As is clear from the above, according to the present device, even if a temperature change or the like occurs, information can be read in a state where no focus shift occurs.

Although the embodiments of the present invention have been described above, the present invention is not limited to the above embodiments and can be further modified. For example, the correction circuit 58 may be provided at the output stage of the differential amplifier 30 to correct the focus shift by changing the DC bias of the signal supplied to the moving coil 34. Alternatively, the photodetector 25 may be omitted, and both the spacing detection signal and its correction signal may be obtained based on the output of the photodetector 63 of the pinhole type spacing detection device shown in FIG. In addition, the low-pass filter 71 detects low-frequency (long-period) interval fluctuations caused by warping, bending, etc. of the disk 1, not only by defocusing caused by temperature changes.
It is also applicable to the case where the driving current of the moving coil 34 is changed so as to detect this variation and cancel this variation.

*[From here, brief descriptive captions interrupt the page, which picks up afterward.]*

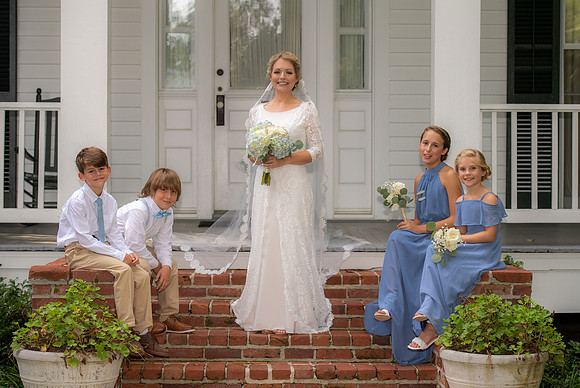 Katherine & Heath's wedding 296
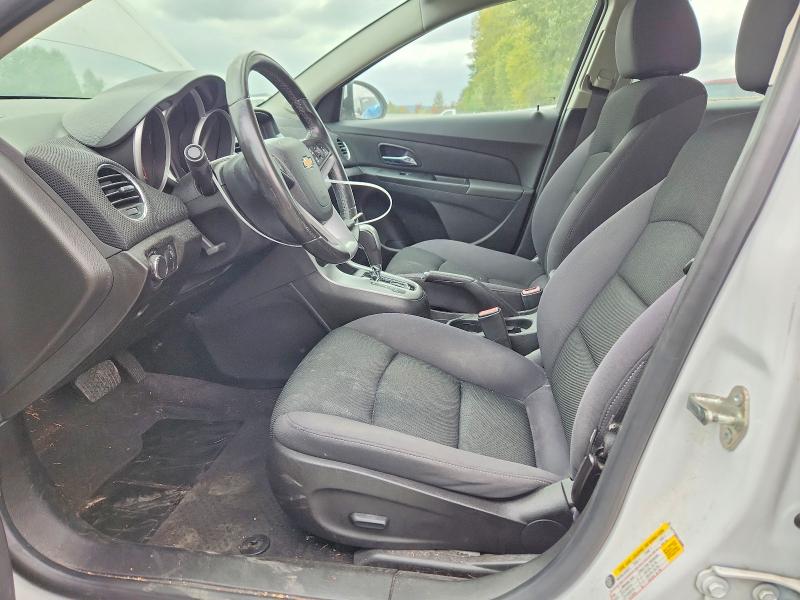 61452446 :رقم المزاد ، 1G1PC5SB3E7264600 vin ، 2014 Chevrolet Cruze مزاد بيع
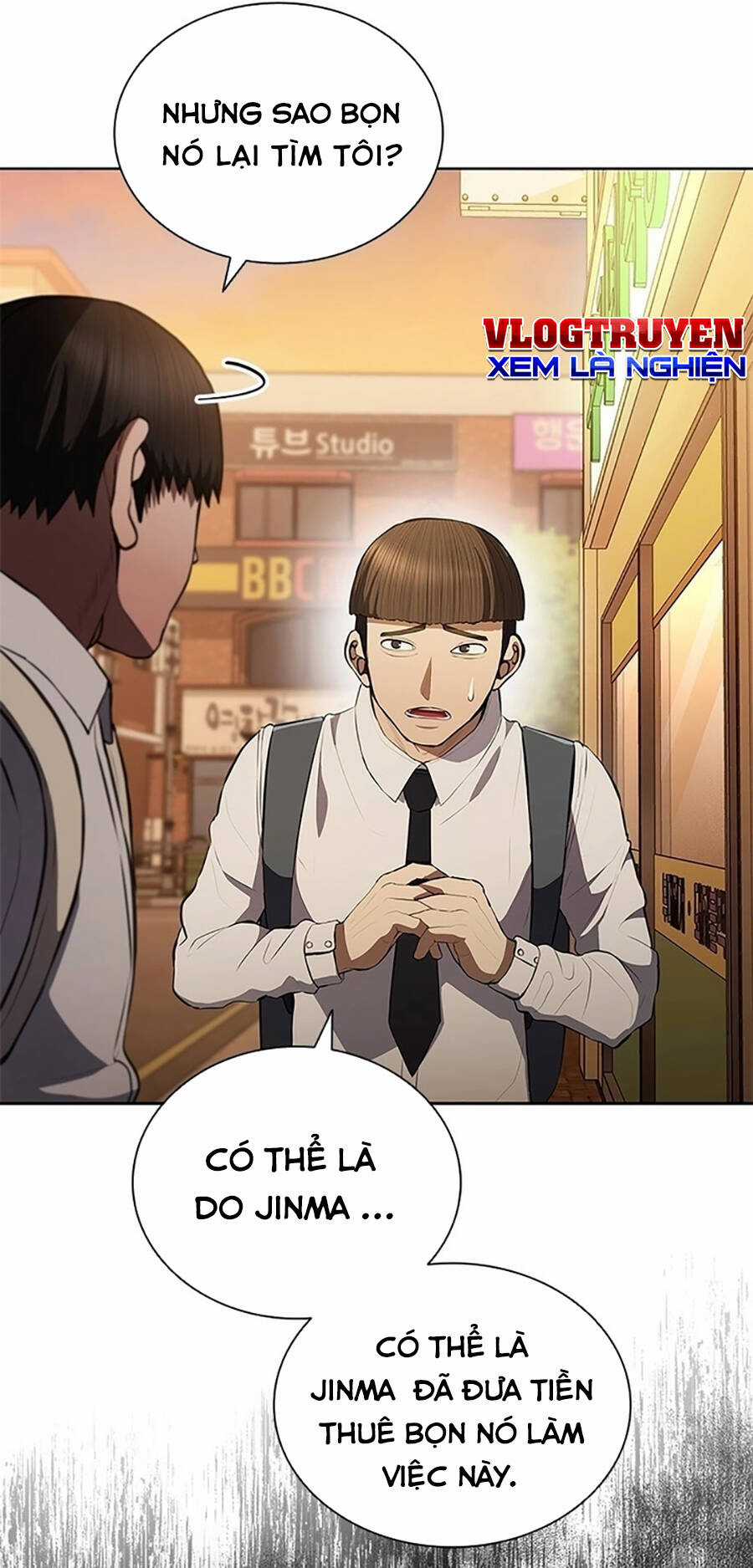 Sự Trở Lại Của Ông Trùm Chapter 8 trang 46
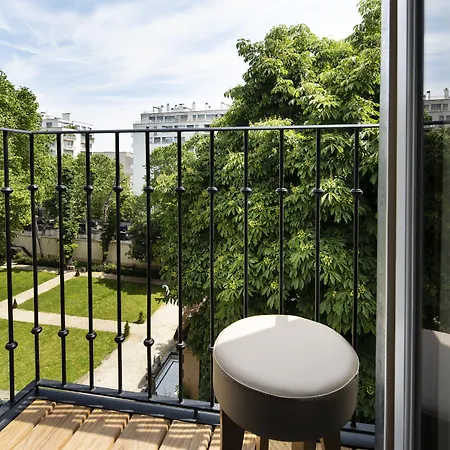 De La Tour Eiffel Hotel Paris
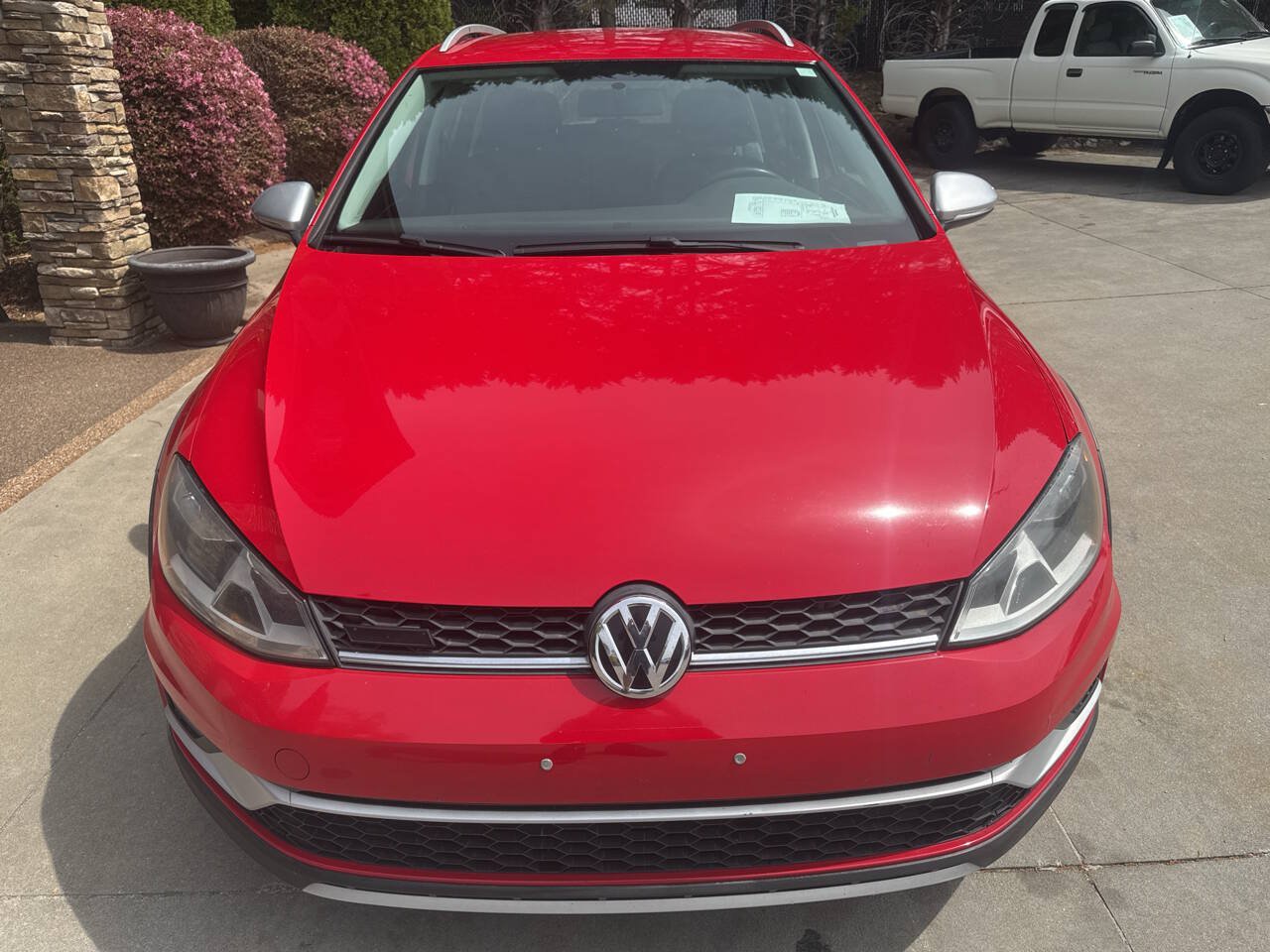 Used 2017 Volkswagen Golf Alltrack S AWD/4WD image 9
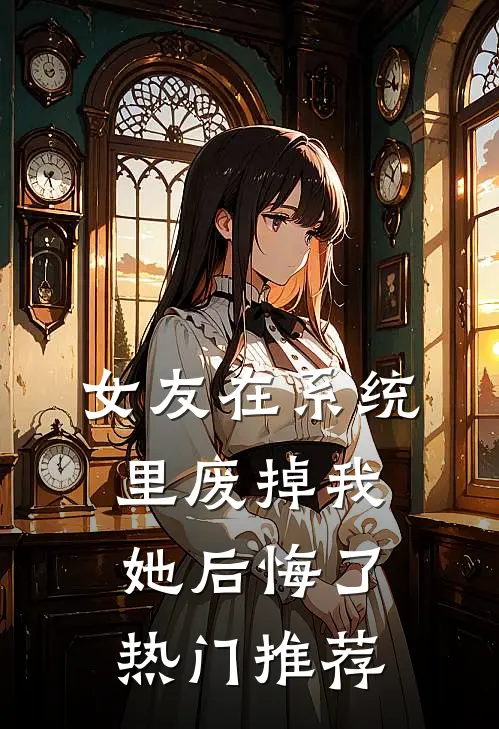 女友在系统里废掉我，她后悔了热门推荐
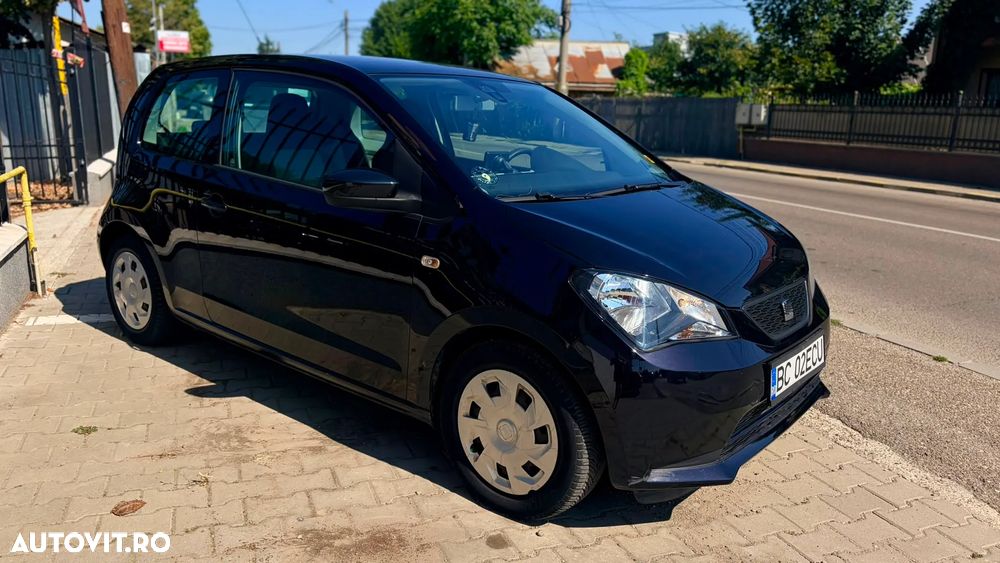 Seat Mii - 2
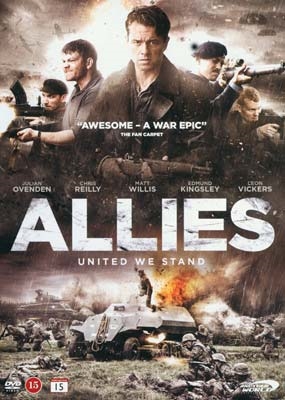 Allies (2014) [DVD]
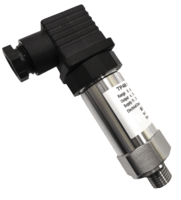 Transmisor de presión piezorresitivo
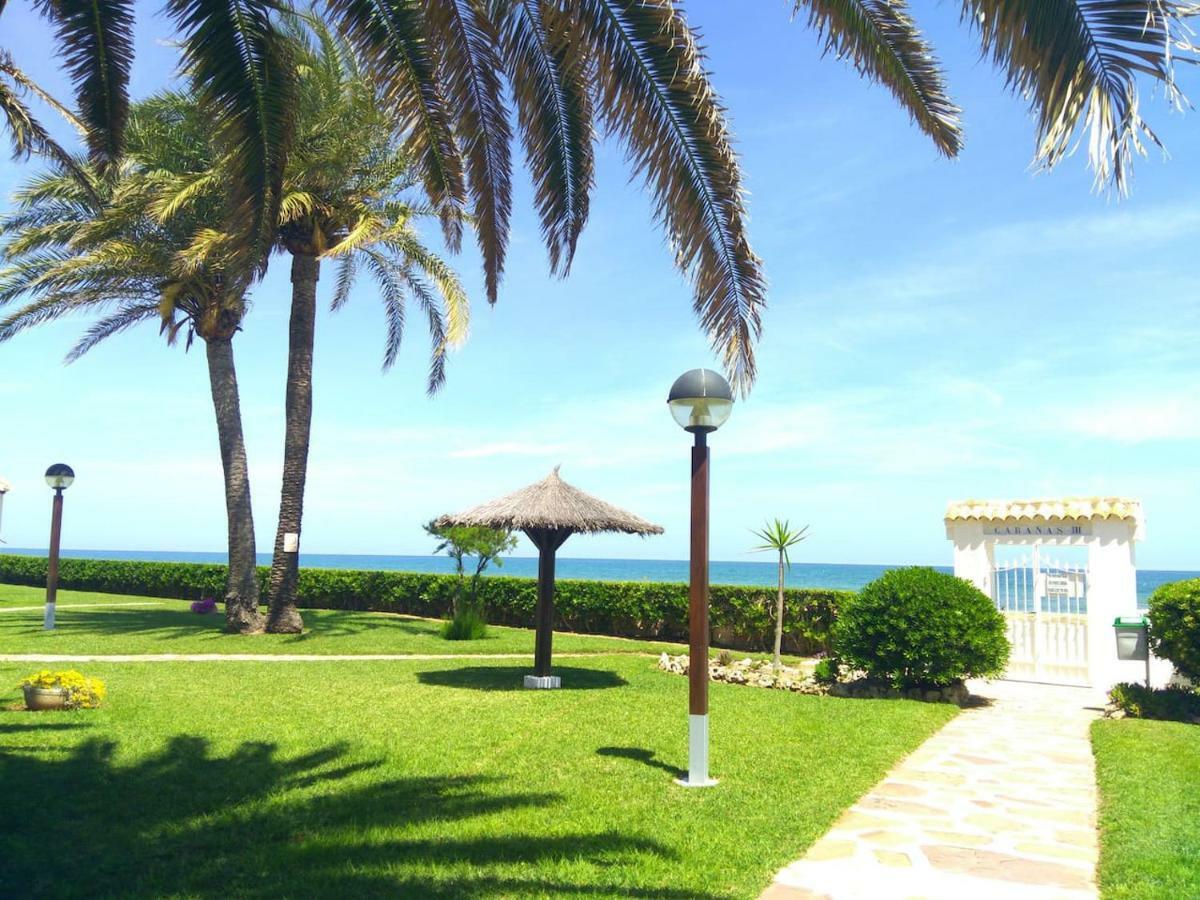 Boira - Vivienda En Urbanizacion A Primera Linea De Playa Denia Eksteriør bilde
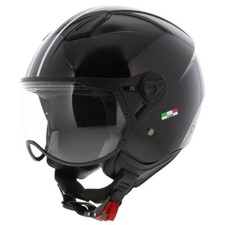 Vito Moda Helmet Gloss Black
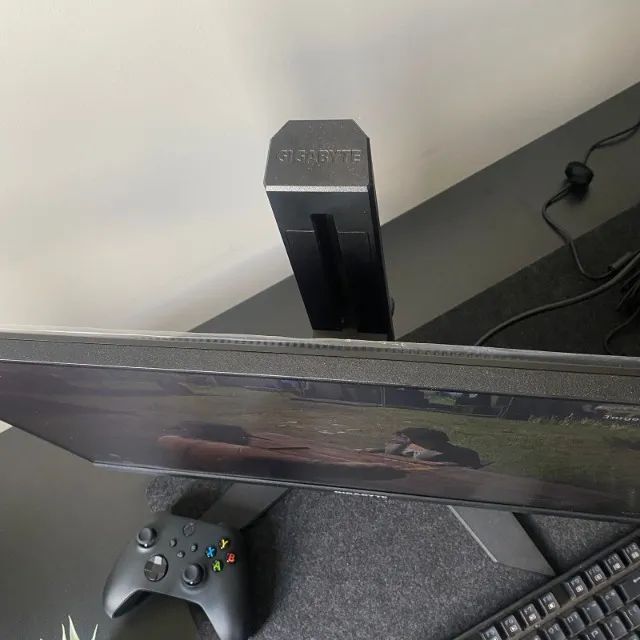 Monitor Gamer Gigabyte G24F2 165Hz 1ms, IPS, HDMI/DP - FreeSync - Foto 4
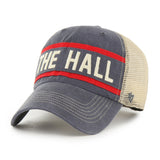 Hall of Fame '47 Brand Juncture Clean Up Hat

[Brief explanation of drawings]

Fig. 1 is an explanatory diagram of a conventional disc player, Fig. 2 is an explanatory plan view of the disc, Fig. 3 is an enlarged sectional view of the disc, Fig. 4 is an optical path diagram showing an example of an interval detection method, and Fig. 5 1 is a block diagram showing a disc player according to an embodiment of the present invention. FIG. In the symbols used in the drawings, 1 is a disk, 14 is a beam focusing device, 16 is a photodetector, 25 is a split type photodetector, 30 is a differential amplifier,
34 is a moving coil, and 58 is a correction circuit.

Claims (1)

[Scope of Claims] 1. A beam projection device for projecting a beam onto an information recording medium; and a beam projection device for moving either or both of the recording medium and the beam projection device to scan the recording surface of the recording medium with the beam. a scanning driving device; a beam converging device for projecting the beam in a converged form onto the recording surface of the recording medium; an information reading device for reading information, an oscillator, and a device for causing the beam focusing device to minutely vibrate in a direction perpendicular to the surface of the recording medium based on the output of the oscillator; a vibration and interval control device that controls the interval between the vibration and interval control device; and an interval detection device that optically detects a sudden change in the interval based on the information reading beam or the focus control beam and controls the vibration and interval control device. a frequency signal detection circuit that optically detects the information reading beam to detect a frequency signal corresponding to the minute vibration; and a phase comparison between the frequency signal obtained from the frequency signal detection circuit and the output of the oscillator. a low-pass filter that forms a DC or low-frequency correction signal based on the output of the phase comparator; and a low-pass filter that controls the vibration and spacing control device by the spacing detection device; a correction circuit that corrects based on the correction signal obtained from the filter so as to cancel a focus shift caused by direct current or low frequency fluctuations in the interval or the optical path length of the information reading beam; Characteristic optical playback device.